Measuring long-term temperature trends from satellites is possible, but difficult due to a variety of reasons.
This is ongoing research.
In short: the satellites that have been around long enough were built for measuring weather, not climate, and the standards to which instruments need to be built to measure one are entirely different from the other.
We have had satellite measurements of the atmosphere since the 1960s, and operationally since the late 1970s. Those have always included infrared radiometer measurements, which means that, in principle, we can construct a record of surface (both land and sea) and atmospheric temperatures for the past 40 years at least. The sensors themselves aren't very complicated — but to determine a trend we would need to be very confident about their uncertainty, stability, and inter-satellite variability.
If you were to simply take 40 years of HIRS infrared measurements and plot them, you don't know if the changes are due to atmospheric or instrumental changes.
From 2015 to 2019, I was part of the FIDUCEO project which aimed to bring the science of metrology (science of measurement) to satellite observations. Taking 40 years of AVHRR (for sea surface temperature) or HIRS (for atmospheric temperature and humidity) measurements, with 16 different editions of the instrument over a period of 40 years. But AVHRR was built to look at pictures of clouds. If you look at pictures of clouds, the user doesn't care if one satellite has its pictures 0.5% brighter than the previous one. They just tweak their monitor a bit! But if you take the global climate system, then that corresponds to more than 1K temperature difference, which for the oceans, would be huge. In FIDUCEO, we aimed to:
- Develop a metrology of Earth Observation
- Produce Fundamental Climate Data Records (FCDRs) for various operational meteorological instruments in visible, infrared, and microwave, meaning:
- Per-datum metrologically traceable uncertainty characterisation;
- Per-datum information on correlation structures: which component of the error estimate cancels out when averaging and which component remains;
- Harmonisation between the various satellite sensors.
Here are 40 years of HIRS (versions 2, 3, and 4), on which we tried to do some harmonisation.
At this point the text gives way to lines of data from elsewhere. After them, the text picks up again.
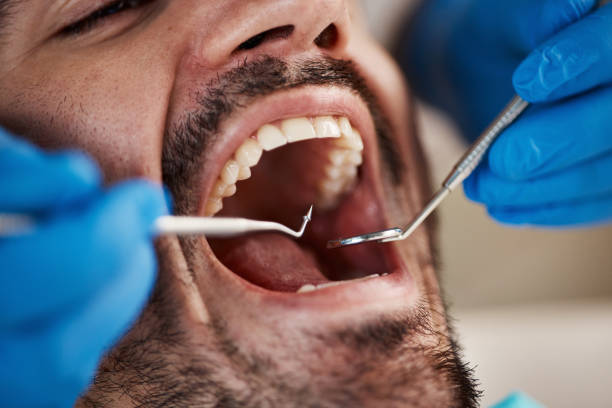 Best Mobile Emergency Dentist in Basye, VA
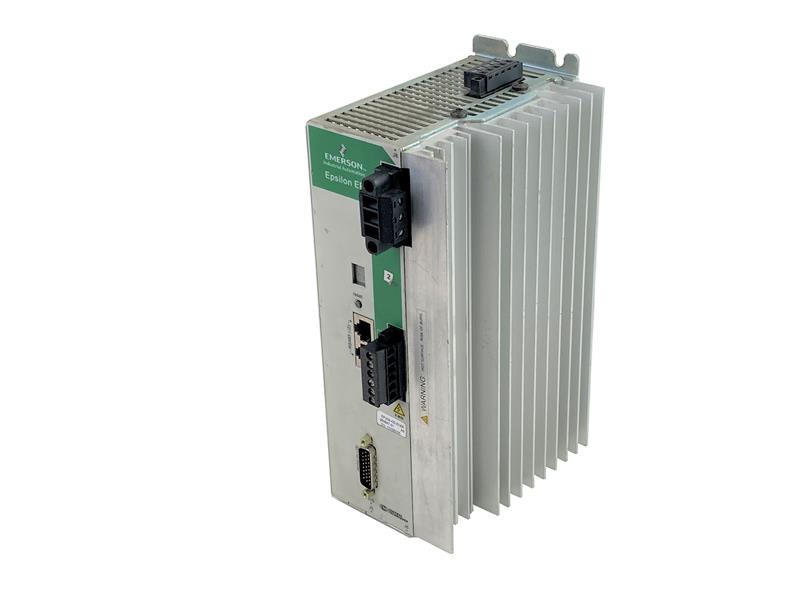 Nidec Corp EP209-I00-EN00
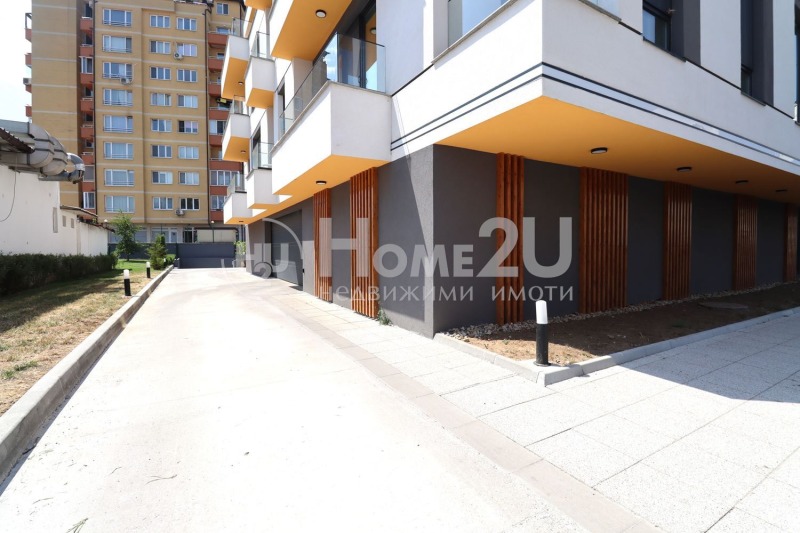 Zu verkaufen  Parkplatz Sofia , Druschba 2 , 13 qm | 76701109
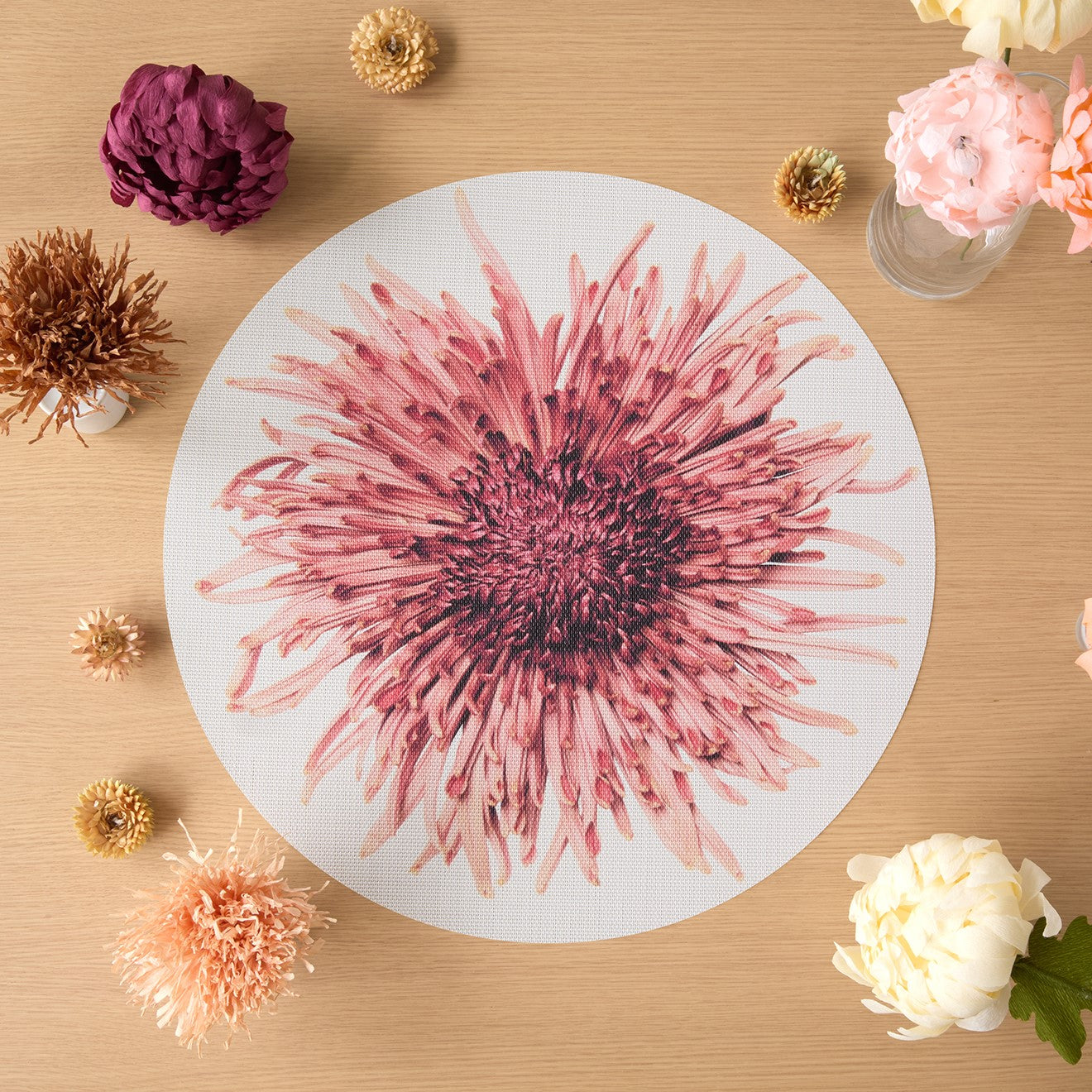 Mums Placemat Chilewich Chw 101165 001 15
The top panel shows global average brightness temperature per 24-hour period, as measured by channel 2 which IIRC peaks somewhere in the stratosphere, so this would correspond roughly to an atmospheric temperature somewhere up in the stratosphere (which, incidentally, is cooling as the Earth's surface is warming):
The different colours indicate different satellites. As you can see, there are both jumps between satellites, and trends within one satellite. Some of this is expected, as polar-orbiting sun-synchronous satellites have a drifting local equator crossing time, but some of it is due to instrumental problems. Some of those problems are captured by the structured uncertainty in the bottom panel, but not all of it. The data only go back to the mid-1980s, because before that, there weren't enough overlaps to constrain the differences between subsequent pairs of satellites based on simultaneous nadir overpasses (SNOs). For satellites in the early 1980s and late 1970s, the coefficients to calibration the thermometres measuring the temperature of the on-board calibration target appear to have been lost. For the earliest satellites the header data does not match available documentation. Software to produce this figure is on Github, raw source data are available from NOAA CLASS, some processed data from FIDUCEO.
This is for a global average. To do this regionally would add additional complications.
The CLARREO programme is proposed to be the first in-orbit SI reference for accurate calibration. Had we had that for the past 40 years, our job would be easier. But CLARREO is still waiting for funding.
So the answer to your question is: with what we have now — not good enough — yet.
But if you are contemplating a career in satellite techno-archeology, I recommend it. It's great fun.